(Captioned web image data)
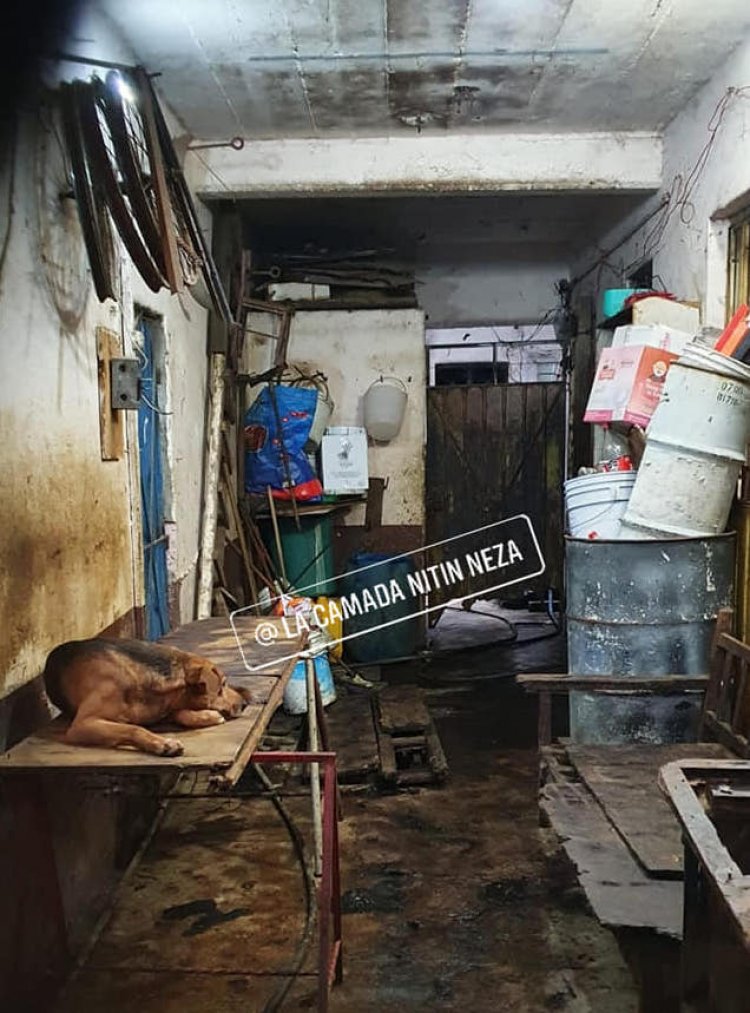 Indagan venta de carne de perro en Neza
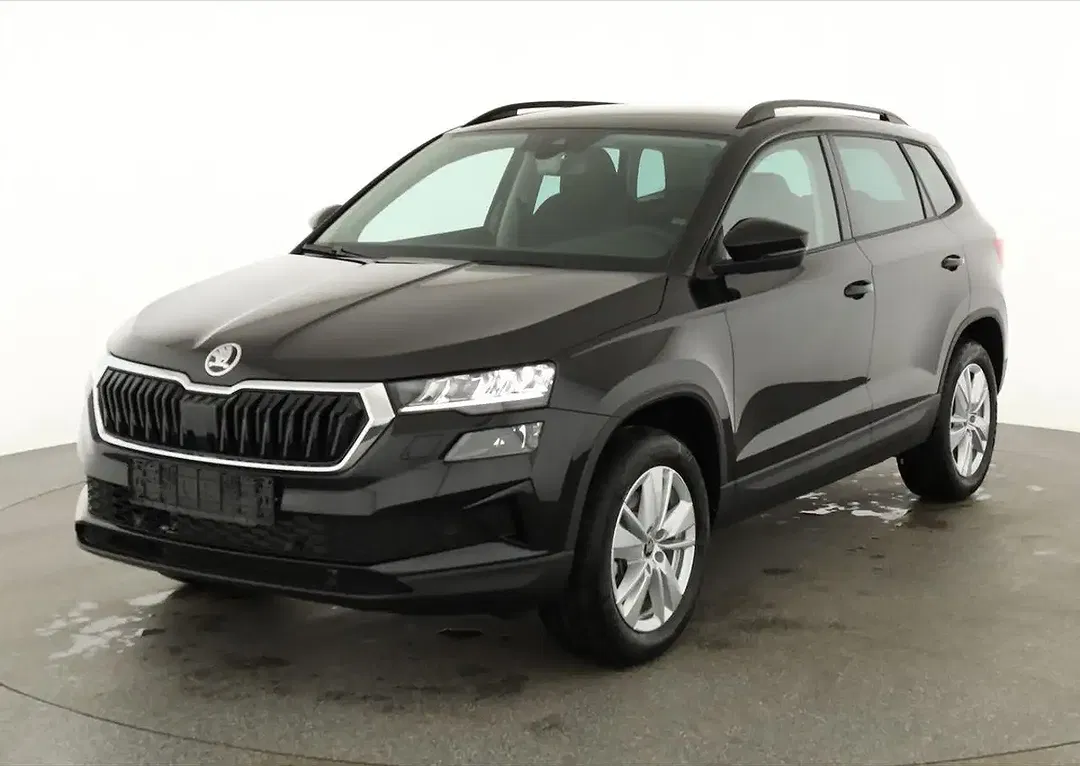Skoda Karoq - Thumbnail 1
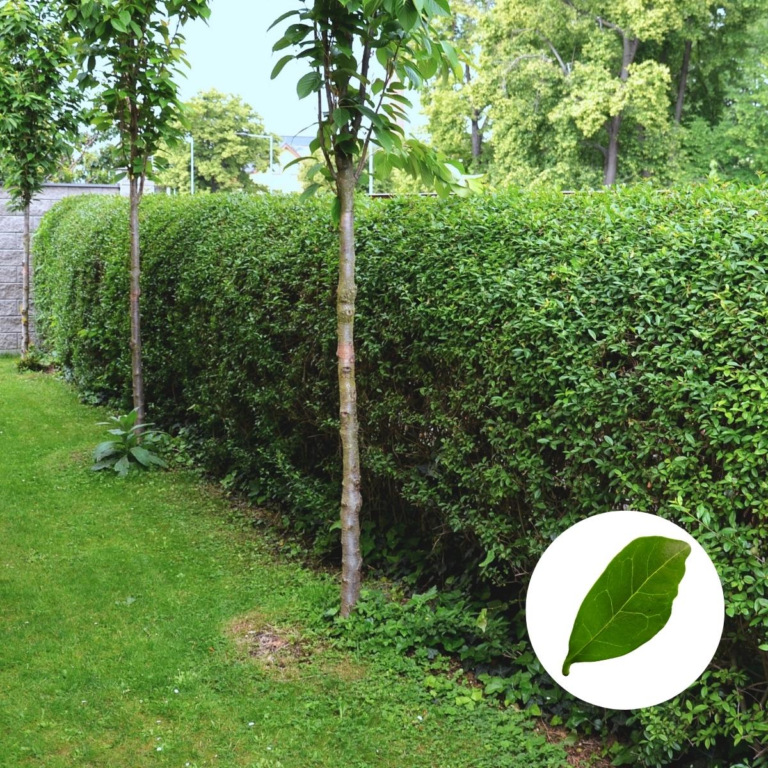 Kirschlorbeer schneiden Wie, Wann & Wie Oft [+ Tipps] 🌿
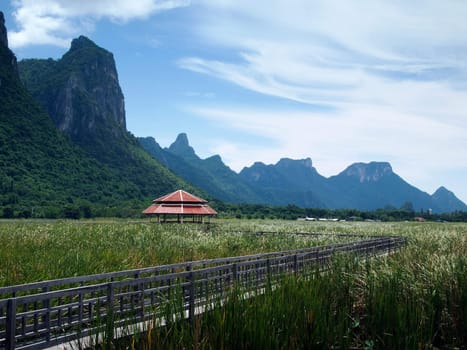 Lake Central wooden bridge. Filled with grass. Sam Roi Yod National Park.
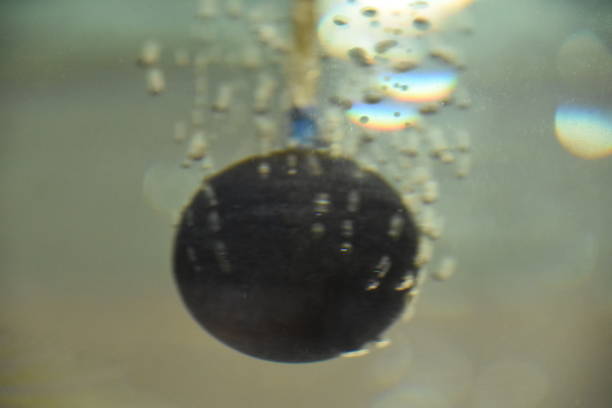 istock Water bubbles in the aquarium 842260346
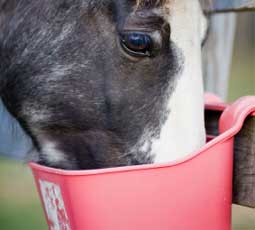 Horse eating grain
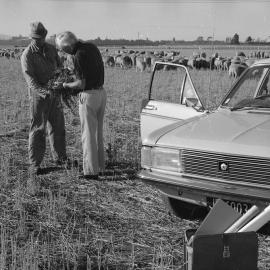 1982 Graeme Tate & John McCartin at mixed cropping farm (3)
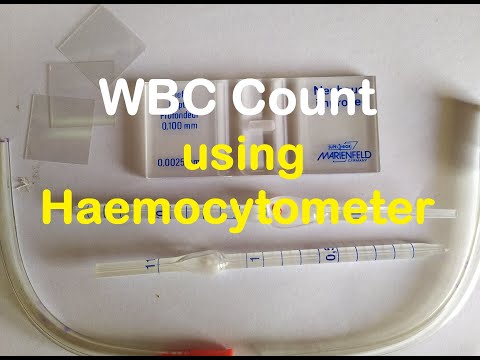Total WBC count Practical Lab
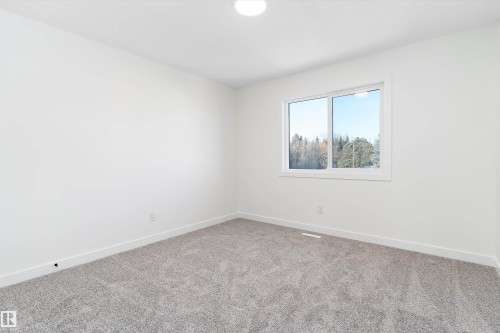 20720 43 Avenue, Edmonton, AB - Indoor Photo Showing Other Room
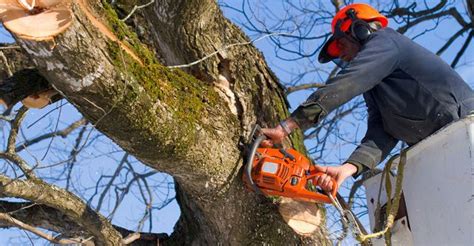 Maybe you would like to learn more about one of these? Tree Removal Suffolk County | Stump Removal & Grinding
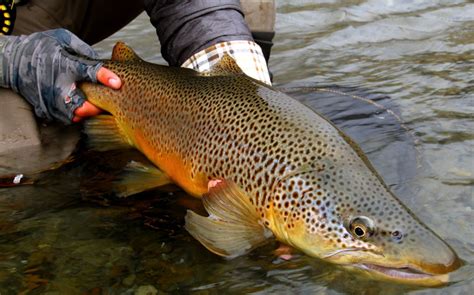Fly Fishing Photo Big New Zealand Wild Brown Trout The Venturing Angler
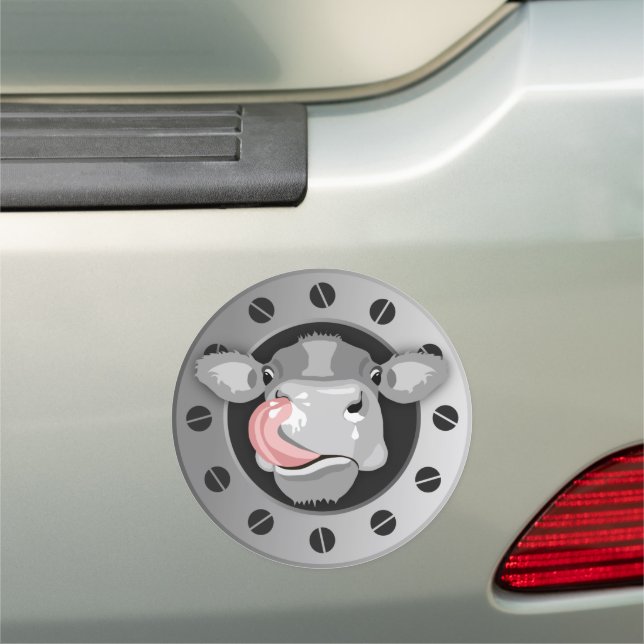 COW LICKING NOSE CAR MAGNET (In Situ)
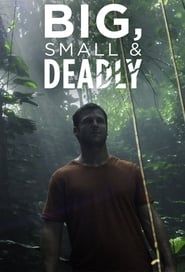 Big Small and Deadly series tv
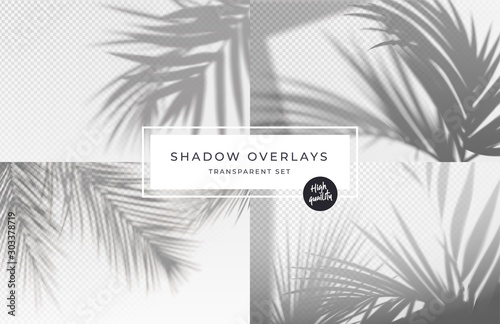 Set of shadow background overlays. Realistic Shadow mock up scenes. Transparent shadow of tropical leaves. Vector illustration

What to do
Restate word for word the lines starting at the one that contains "Total WBC count Practical Lab" and ending at the last line of the data. Skip every picture.

Answer section
Total WBC count Practical Lab
 20720 43 Avenue, Edmonton, AB - Indoor Photo Showing Other Room
 Maybe you would like to learn more about one of these? Tree Removal Suffolk County | Stump Removal & Grinding
Fly Fishing Photo Big New Zealand Wild Brown Trout The Venturing Angler
 COW LICKING NOSE CAR MAGNET (In Situ)
 Big Small and Deadly series tv
 Set of shadow background overlays. Realistic Shadow mock up scenes. Transparent shadow of tropical leaves. Vector illustration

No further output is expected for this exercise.